Having a healthy retirement account does not guarantee a contractor will be prepared for retirement.
Retirement plan rules are complex and require income tax and estate tax planning to work in harmony. Generally, retirement plan accounts are subject to income tax at regular (not capital gains) rates as distributed. By avoiding 10 costly mistakes, a contractor can set a solid foundation for retirement.
1. Depending on a business for retirement. Company owners frequently depend on the eventual sale or family succession of the business to fund retirement. Setting up a company retirement plan that invests in outside assets is a good way to lessen the risk of depending on an event that may not occur.
2. Not taking full advantage of tax-free retirement accounts. The more money placed in a retirement account, the more money can grow tax free for a contractor and his heirs. If an employer provides a matching contribution, contribute enough to maximize the employer’s match each year.
3. Withdrawing from the wrong accounts. Usually it is best to withdraw from taxable accounts first to allow for continued tax-free growth, but this may not be the best option for higher income or net-worth individuals. If taxable investments have accumulated large capital gains, leaving those investments to heirs will result in their receiving a step up in cost basis, which eliminates capital gains tax.

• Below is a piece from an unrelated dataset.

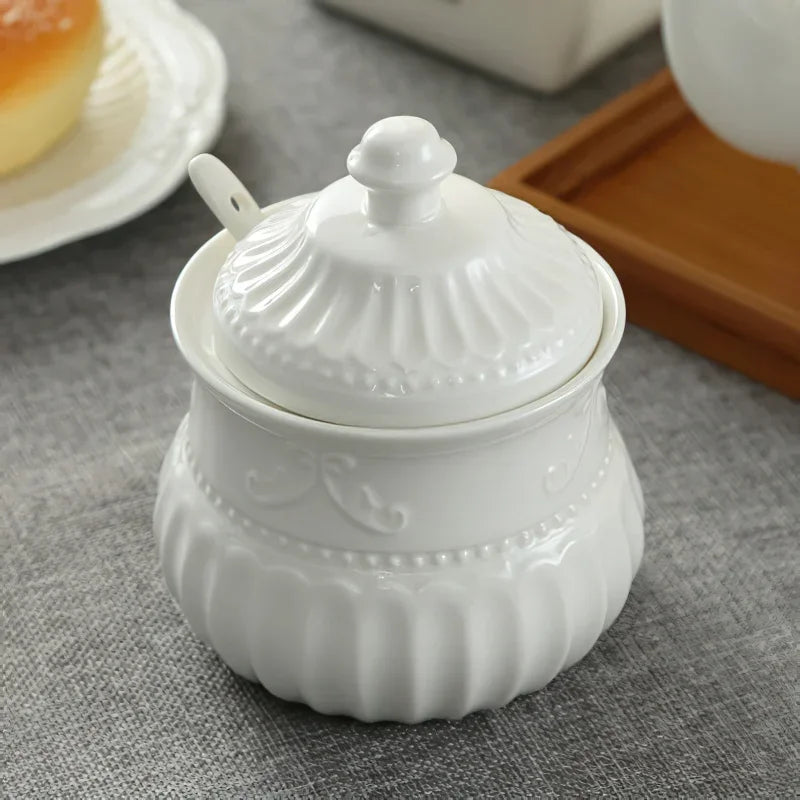 Axya Embossed Leaf Pattern White Ceramic Coffee Teapot Set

4. Not taking advantage of a Roth IRA, a Roth 401(k) or Roth IRA conversions. Contributions are made with after-tax money. All future qualified withdrawals from Roth IRAs are tax free with no required minimum distributions (RMD) at age 70½. At age 70½, RMD must begin from a Roth 401(k). However, a Roth 401(k) may be rolled over to a Roth IRA, which has no RMD. If a person is able to pay the tax on a Roth conversion, future growth is never subject to income tax. Beginning in 2010, the $100,000 adjusted growth income cap for Roth conversion eligibility no longer applies.
5. Taking RMD in 2009. The Worker, Retiree and Employer Recovery Act of 2008 suspended RMD for retirement plans including IRAs in 2009. Consider other accounts for spending needs.

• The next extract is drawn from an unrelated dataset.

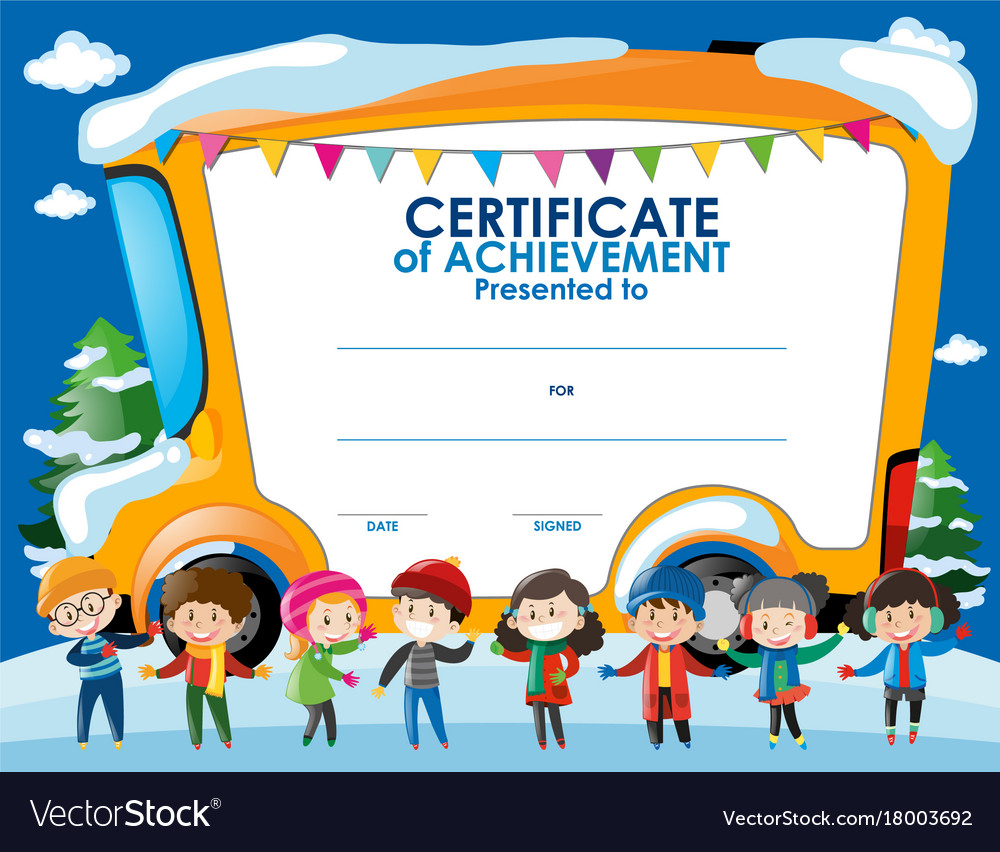 Certificate Template With Children In Winter Intended For Walking Certificate Templates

6. Not carefully naming beneficiaries. Retirement plans require precise beneficiary designations. Without these, the plan may designate a beneficiary inconsistent with the account owner’s wishes. A spouse may rollover tax free into his or her IRA, name new beneficiaries, consider Roth conversion and obtain a longer income tax stretch. Naming a qualified trust as a beneficiary may protect younger beneficiaries while still taking advantage of the income tax stretch. Following the death of the account owner, a beneficiary may disclaim and obtain estate tax planning and income tax stretch advantages.
7. Not coordinating retirement and estate plans. A retirement plan is controlled by the beneficiary designation, not the will or trust. Retirement plans may be subject to federal estate tax at a marginal 45 percent rate in addition to income tax. Take full advantage of the federal estate tax exemption so the retirement plan can be designated to do this.

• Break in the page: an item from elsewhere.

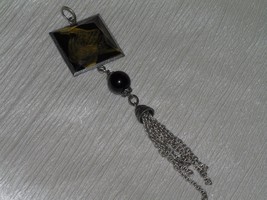 Estate Large Clear Plastic Square with Black Bead &amp; SIlvertone Chain Tassel Pen - £7.46 GBP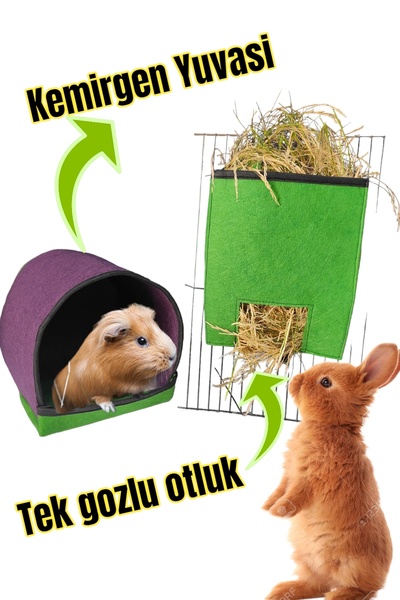 ozzipetshop Tavşan Evi Ve Kafes Otluk Torbası Tavşan Yuvası Ve Yonca Otluğu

8. Investing too heavily in company stock. Higher income executives may be vulnerable due to stock incentives. Consider strategies for diversifying the retirement plan beyond company stocks.
9. Rolling company stock into an IRA. This is a common practice and is sometimes the right strategy. But, net unrealized appreciation may be a better strategy. Cash and other retirement plan investments are rolled into the IRA, and the company stock is distributed directly. The advantage is being taxed only on the cost basis of the company stock when it went into the retirement plan, not on its current market value at the time of distribution.
When selling company stock, a person is taxed at capital gains rates resulting in significant tax savings if the company stock has substantial appreciation. Rolling the company stock into an IRA results in being taxed at ordinary income rates on the appreciated value of the company stock at withdrawal time.
10. Not considering a charitable rollover. Rather than taking a taxable RMD, a person may rollover an RMD to a qualified charity. Gifts may not exceed $100,000 per taxpayer per year, and the donor must be age 70½ or older. The RMD requirement is satisfied and no income tax is paid. This option is scheduled to expire Dec. 31.
Contractors work hard for their retirement—and their retirement dollars. Seemingly small decisions can have substantial financial and tax implications. By avoiding these 10 mistakes, contractors can make their retirement dollars work intelligently.